PROBLEM TO SOLVE →
Nothing but the pictures should be dropped when the records are transcribed word for word.

GIVEN DATA section start

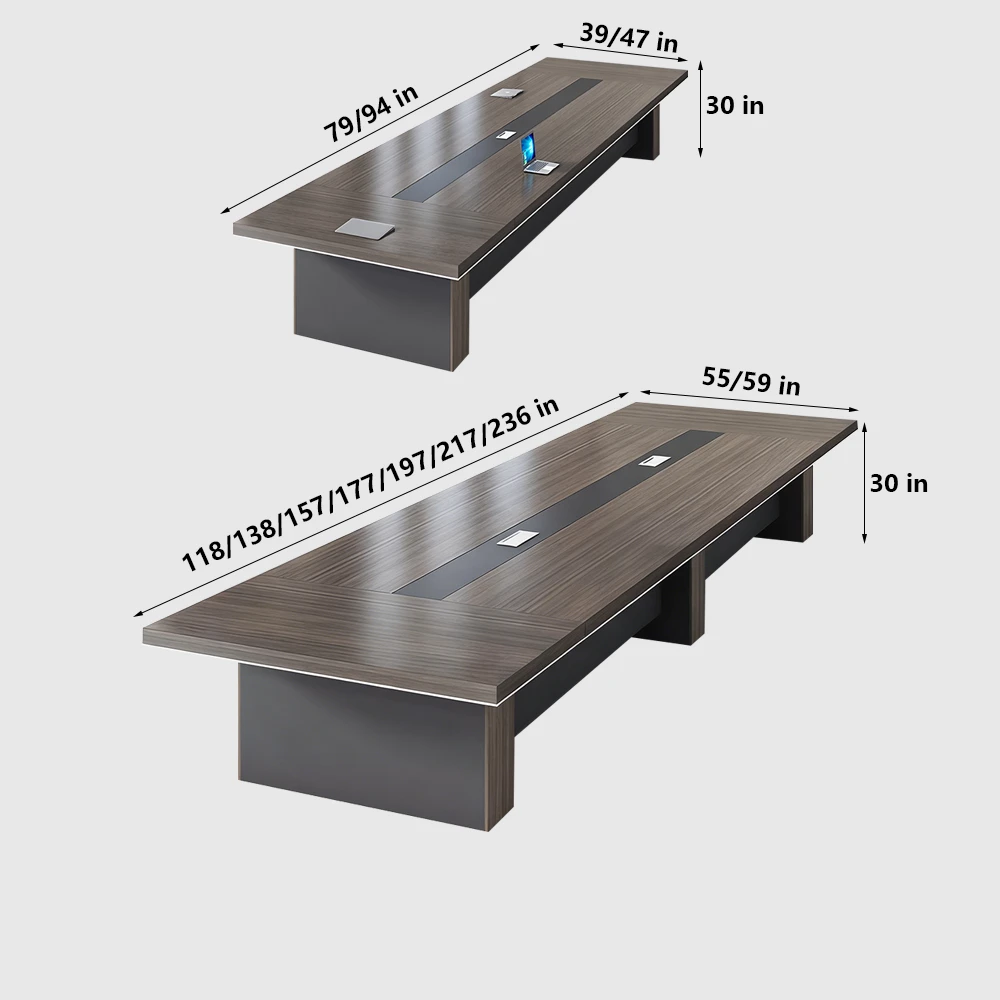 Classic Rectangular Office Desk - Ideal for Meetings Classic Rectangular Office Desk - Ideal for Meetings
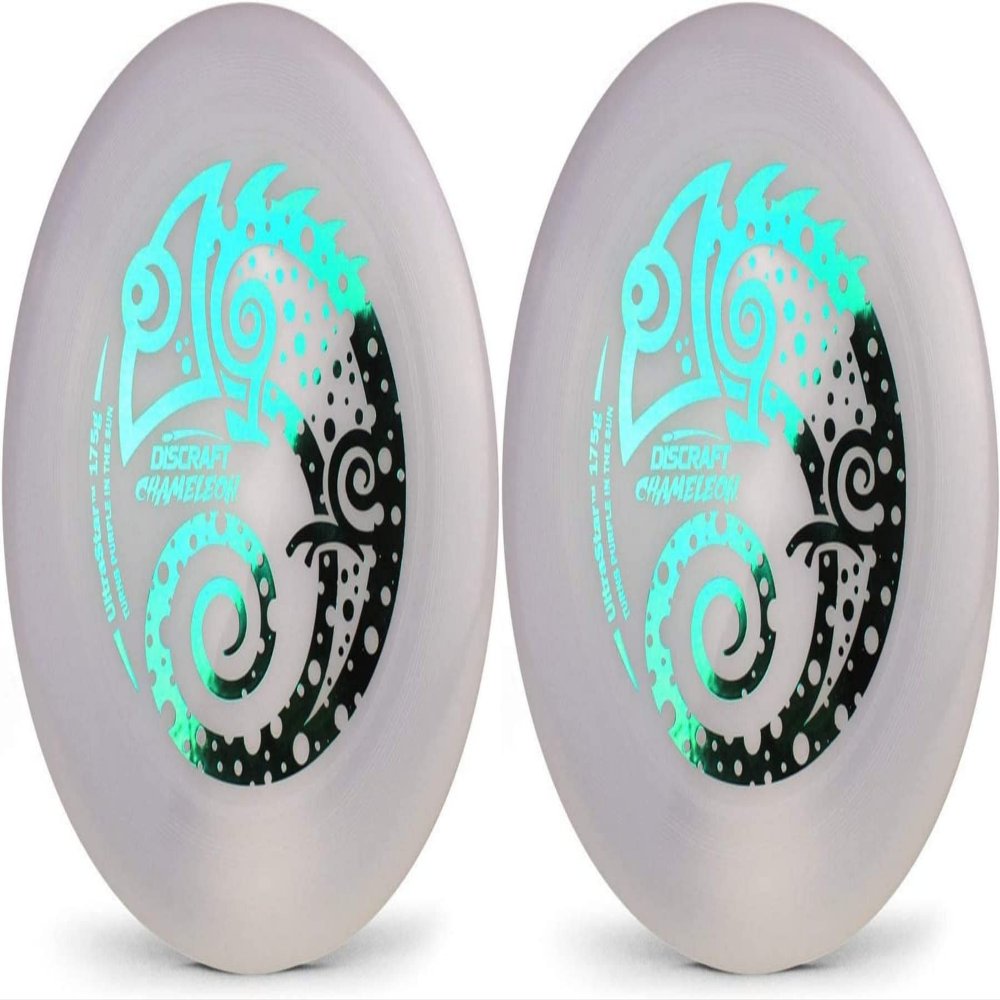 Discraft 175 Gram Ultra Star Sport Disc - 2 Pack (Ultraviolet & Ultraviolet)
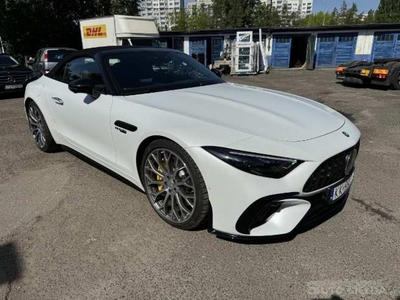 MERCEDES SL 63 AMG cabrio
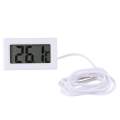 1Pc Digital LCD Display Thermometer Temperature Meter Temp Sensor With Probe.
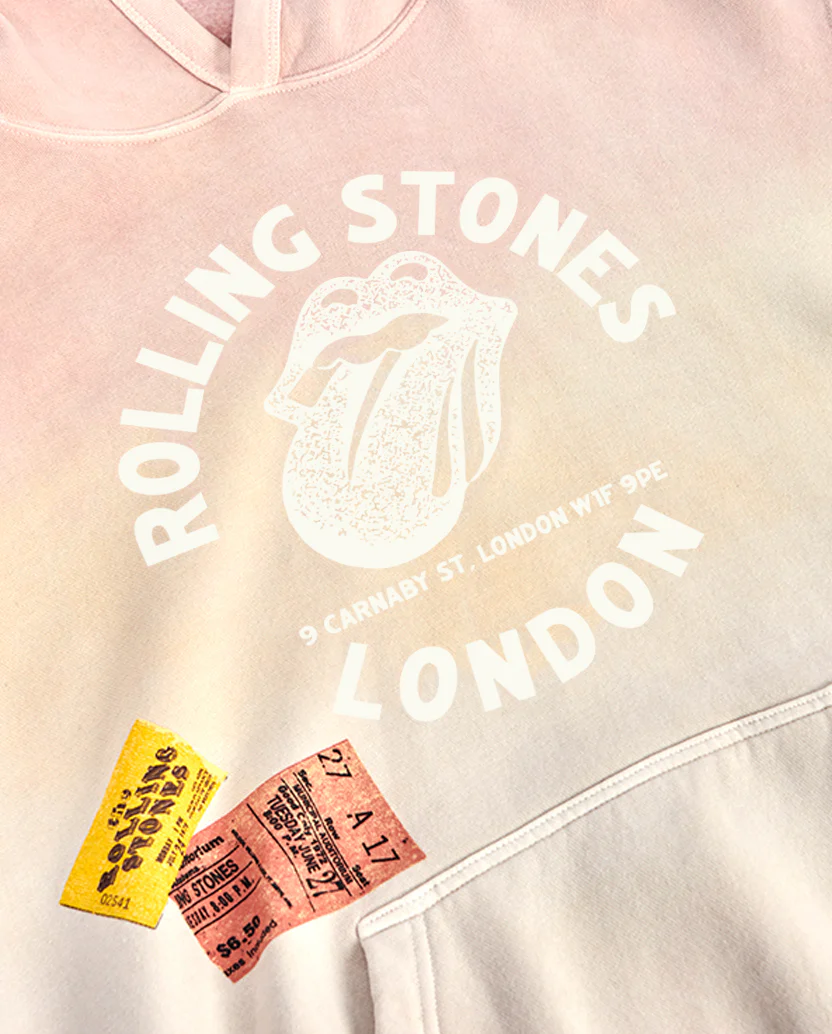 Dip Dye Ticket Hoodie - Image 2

GIVEN DATA section end

EXERCISE OUTPUT →
 Classic Rectangular Office Desk - Ideal for Meetings Classic Rectangular Office Desk - Ideal for Meetings
 Discraft 175 Gram Ultra Star Sport Disc - 2 Pack (Ultraviolet & Ultraviolet)
 MERCEDES SL 63 AMG cabrio
 1Pc Digital LCD Display Thermometer Temperature Meter Temp Sensor With Probe.
 Dip Dye Ticket Hoodie - Image 2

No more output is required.